= Given data =
....
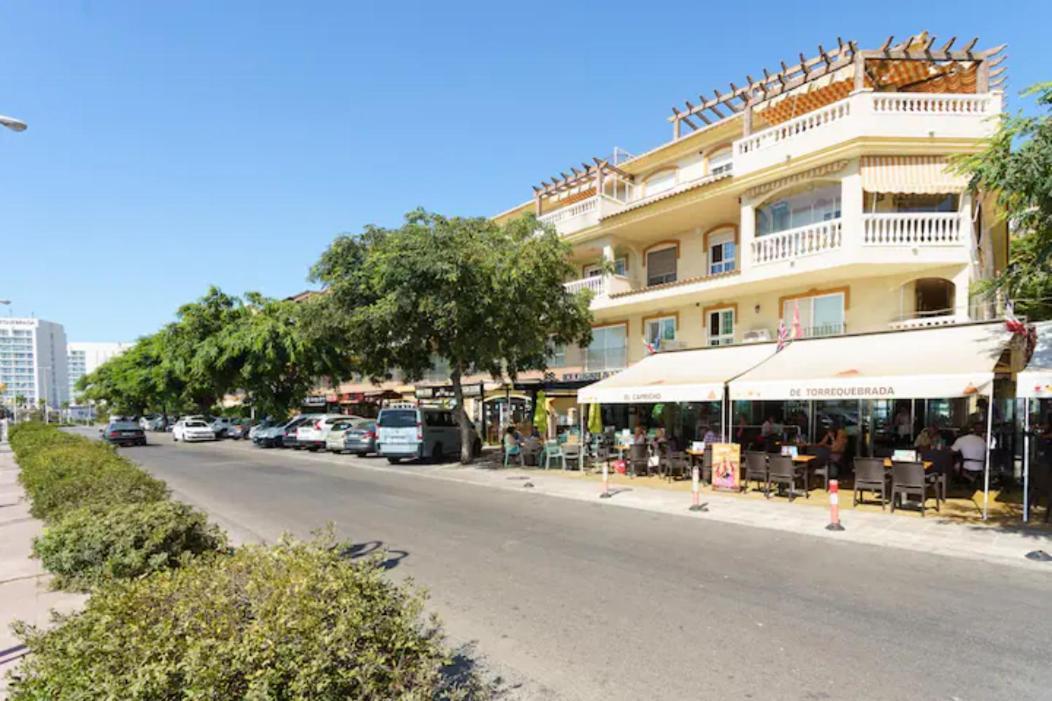 Chic Beachfront Flat With Amazing Sea Views And Private Indoor Parking بينالماذينا المظهر الخارجي الصورة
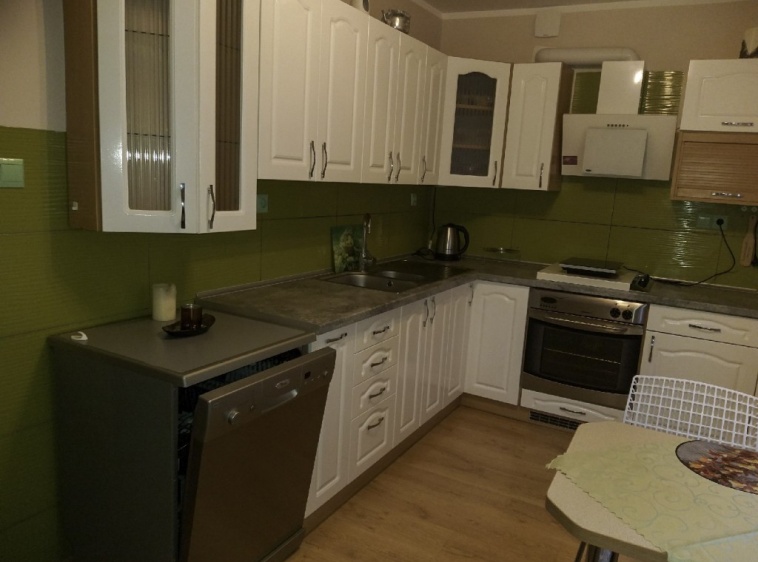 Pokoje na Tęczowej u Bożeny Kuchnia ze zmywarką i dużą lodówką w apartamencie - 1 piętro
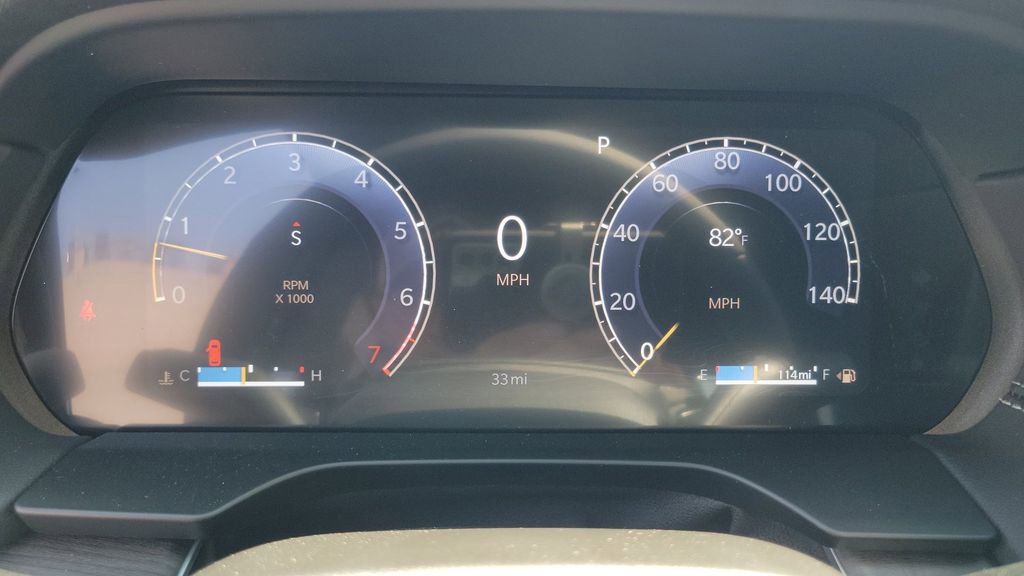 New 2025 Jeep Grand Cherokee L Limited w/ Black Appearance Package image 28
....
= What needs to be done =
Produce the material above again in full, with identical lines and no pictures.

= Completed task =
 Chic Beachfront Flat With Amazing Sea Views And Private Indoor Parking بينالماذينا المظهر الخارجي الصورة
 Pokoje na Tęczowej u Bożeny Kuchnia ze zmywarką i dużą lodówką w apartamencie - 1 piętro
 New 2025 Jeep Grand Cherokee L Limited w/ Black Appearance Package image 28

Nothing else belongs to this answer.